15 F3d 1048 Abrutyn v. Giovanniello

15 F.3d 1048

29 U.S.P.Q.2d 1615

Eric S. ABRUTYN and Robert J. Sloan, Appellants,
Rocco GIOVANNIELLO, Appellee.

Nos. 93-1248, 93-1249.

United States Court of Appeals,
Federal Circuit.

Jan. 27, 1994.

Chris Doninger, Glynn & Byrnes, Flemington, NJ, argued for appellants. With him on the brief was Kenneth P. Glynn.

Anthony L. Lagani, Jr., P.C., Morristown, NJ, argued for appellee.

Fred E. McKelvey, Sol. and Richard Torczon, Asst. Sol., Office of the Sol., Arlington, VA, were on the brief for amicus curiae, Com'r of Patents and Trademarks.

Before ARCHER, MICHEL and SCHALL, Circuit Judges.

MICHEL, Circuit Judge.


Eric Abrutyn and Robert Sloan, through their assignee Somerville Technology Group (STG), appeal the December 18, 1992 default judgment of the Patent and Trademark Office (PTO) Board of Patent Appeals and Interferences (Board), awarding the subject matter of the counts of two related interferences, Nos. 102,895 and 102,896, to Rocco Giovanniello. Abrutyn and Sloan failed to file a preliminary statement or preliminary motion by the deadline for doing so or for two months thereafter. Because of the presumption that the senior party, Giovanniello, made the invention first, the Board awarded the subject matter of the counts to him. Since STG, as the assignee of record, clearly had standing under PTO rules to file papers during the latter two months, we cannot say on this record the Board abused its discretion in entering the default judgment. Therefore, we affirm.

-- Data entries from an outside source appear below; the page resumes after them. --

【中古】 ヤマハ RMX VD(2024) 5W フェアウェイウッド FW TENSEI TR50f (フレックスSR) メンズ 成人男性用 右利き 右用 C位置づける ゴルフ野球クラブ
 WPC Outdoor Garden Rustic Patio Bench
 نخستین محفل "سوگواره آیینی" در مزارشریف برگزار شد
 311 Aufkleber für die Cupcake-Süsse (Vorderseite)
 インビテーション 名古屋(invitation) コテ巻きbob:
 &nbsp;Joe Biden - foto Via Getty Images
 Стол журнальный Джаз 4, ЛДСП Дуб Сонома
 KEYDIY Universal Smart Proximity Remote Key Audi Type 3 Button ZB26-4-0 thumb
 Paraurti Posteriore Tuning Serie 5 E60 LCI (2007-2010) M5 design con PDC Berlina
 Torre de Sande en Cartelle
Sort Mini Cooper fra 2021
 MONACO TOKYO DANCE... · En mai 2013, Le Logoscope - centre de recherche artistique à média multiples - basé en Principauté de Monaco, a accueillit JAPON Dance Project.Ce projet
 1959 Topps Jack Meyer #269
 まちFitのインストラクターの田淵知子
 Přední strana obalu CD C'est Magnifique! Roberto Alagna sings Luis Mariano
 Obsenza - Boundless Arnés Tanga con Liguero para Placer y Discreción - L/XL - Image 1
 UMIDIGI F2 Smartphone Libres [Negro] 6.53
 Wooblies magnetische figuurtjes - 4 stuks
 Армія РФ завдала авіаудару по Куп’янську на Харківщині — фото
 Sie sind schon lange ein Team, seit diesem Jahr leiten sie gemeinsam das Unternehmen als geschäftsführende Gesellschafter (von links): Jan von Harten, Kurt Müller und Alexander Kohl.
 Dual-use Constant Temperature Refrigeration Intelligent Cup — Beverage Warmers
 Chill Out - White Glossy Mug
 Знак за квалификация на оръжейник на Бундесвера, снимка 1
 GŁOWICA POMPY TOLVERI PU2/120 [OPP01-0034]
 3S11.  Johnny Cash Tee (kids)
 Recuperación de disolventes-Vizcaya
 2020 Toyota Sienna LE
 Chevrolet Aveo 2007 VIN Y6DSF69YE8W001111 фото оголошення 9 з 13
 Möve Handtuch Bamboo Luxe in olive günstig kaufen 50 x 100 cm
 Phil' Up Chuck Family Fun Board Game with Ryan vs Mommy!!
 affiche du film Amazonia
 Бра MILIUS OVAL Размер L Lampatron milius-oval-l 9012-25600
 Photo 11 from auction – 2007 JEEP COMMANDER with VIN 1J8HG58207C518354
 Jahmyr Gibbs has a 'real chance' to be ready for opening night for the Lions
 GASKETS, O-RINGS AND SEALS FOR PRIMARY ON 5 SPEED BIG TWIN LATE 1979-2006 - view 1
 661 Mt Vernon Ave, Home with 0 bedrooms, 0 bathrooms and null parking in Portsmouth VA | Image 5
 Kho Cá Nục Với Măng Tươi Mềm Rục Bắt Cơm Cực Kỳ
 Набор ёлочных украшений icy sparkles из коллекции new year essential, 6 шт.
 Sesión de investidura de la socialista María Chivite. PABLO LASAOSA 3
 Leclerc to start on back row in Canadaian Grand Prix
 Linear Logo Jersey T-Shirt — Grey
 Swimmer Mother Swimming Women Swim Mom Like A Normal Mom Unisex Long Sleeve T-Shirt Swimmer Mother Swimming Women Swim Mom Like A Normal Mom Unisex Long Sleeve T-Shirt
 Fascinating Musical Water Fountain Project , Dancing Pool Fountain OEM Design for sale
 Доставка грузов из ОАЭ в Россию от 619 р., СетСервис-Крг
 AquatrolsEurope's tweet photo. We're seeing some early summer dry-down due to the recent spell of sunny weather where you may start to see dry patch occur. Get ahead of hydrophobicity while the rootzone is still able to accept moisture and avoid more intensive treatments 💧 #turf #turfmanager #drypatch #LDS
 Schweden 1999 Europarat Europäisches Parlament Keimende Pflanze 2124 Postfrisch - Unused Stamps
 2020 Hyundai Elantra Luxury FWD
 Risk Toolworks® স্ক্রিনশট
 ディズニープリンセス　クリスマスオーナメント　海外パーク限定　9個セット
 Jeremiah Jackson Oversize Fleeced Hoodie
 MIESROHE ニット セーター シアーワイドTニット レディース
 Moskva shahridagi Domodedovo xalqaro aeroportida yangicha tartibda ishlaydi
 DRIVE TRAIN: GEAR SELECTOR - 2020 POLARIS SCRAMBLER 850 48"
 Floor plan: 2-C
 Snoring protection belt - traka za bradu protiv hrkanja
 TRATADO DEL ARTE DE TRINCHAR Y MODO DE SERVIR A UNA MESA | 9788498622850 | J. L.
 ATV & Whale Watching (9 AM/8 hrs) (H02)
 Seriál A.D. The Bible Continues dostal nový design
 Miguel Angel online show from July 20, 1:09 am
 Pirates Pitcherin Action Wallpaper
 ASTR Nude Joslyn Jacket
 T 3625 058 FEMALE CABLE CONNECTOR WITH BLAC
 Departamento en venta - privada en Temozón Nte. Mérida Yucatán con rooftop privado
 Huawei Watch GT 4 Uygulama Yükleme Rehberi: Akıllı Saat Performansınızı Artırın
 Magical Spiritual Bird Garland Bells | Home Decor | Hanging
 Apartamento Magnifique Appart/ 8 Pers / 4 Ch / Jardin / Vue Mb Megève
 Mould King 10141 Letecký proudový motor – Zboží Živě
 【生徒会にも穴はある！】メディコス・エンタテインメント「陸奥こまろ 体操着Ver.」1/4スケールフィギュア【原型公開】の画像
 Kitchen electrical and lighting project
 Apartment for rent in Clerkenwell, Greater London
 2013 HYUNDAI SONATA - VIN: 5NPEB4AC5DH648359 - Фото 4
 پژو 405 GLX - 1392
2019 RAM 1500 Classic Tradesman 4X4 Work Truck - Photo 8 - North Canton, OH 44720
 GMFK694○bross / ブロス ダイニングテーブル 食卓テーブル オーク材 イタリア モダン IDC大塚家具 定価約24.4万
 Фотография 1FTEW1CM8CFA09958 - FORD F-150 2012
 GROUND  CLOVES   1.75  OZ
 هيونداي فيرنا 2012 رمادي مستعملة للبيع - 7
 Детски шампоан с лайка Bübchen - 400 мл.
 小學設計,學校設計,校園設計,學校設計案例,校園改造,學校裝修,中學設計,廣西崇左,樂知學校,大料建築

In 1987 Eric Abrutyn and Robert Sloan, inventors named in U.S. patent No. 4,859,446 (the Abrutyn patent), assigned their interest in that patent to Wickhen Products, Inc., which recorded the assignment in the PTO. In 1988 Dow Corning Corporation acquired Wickhen and included that company in its Huguenot Division. However, Dow failed to record in the PTO an assignment of the Abrutyn patent from Wickhen to it.


On July 15, 1992, STG purchased the Huguenot Division and received from Dow an assignment of the Abrutyn patent. STG recorded that assignment in the PTO on September 22, 1992, but the recording was ineffective due to the missing link in the chain of title, specifically the assignment from Wickhen to Dow which had never been recorded.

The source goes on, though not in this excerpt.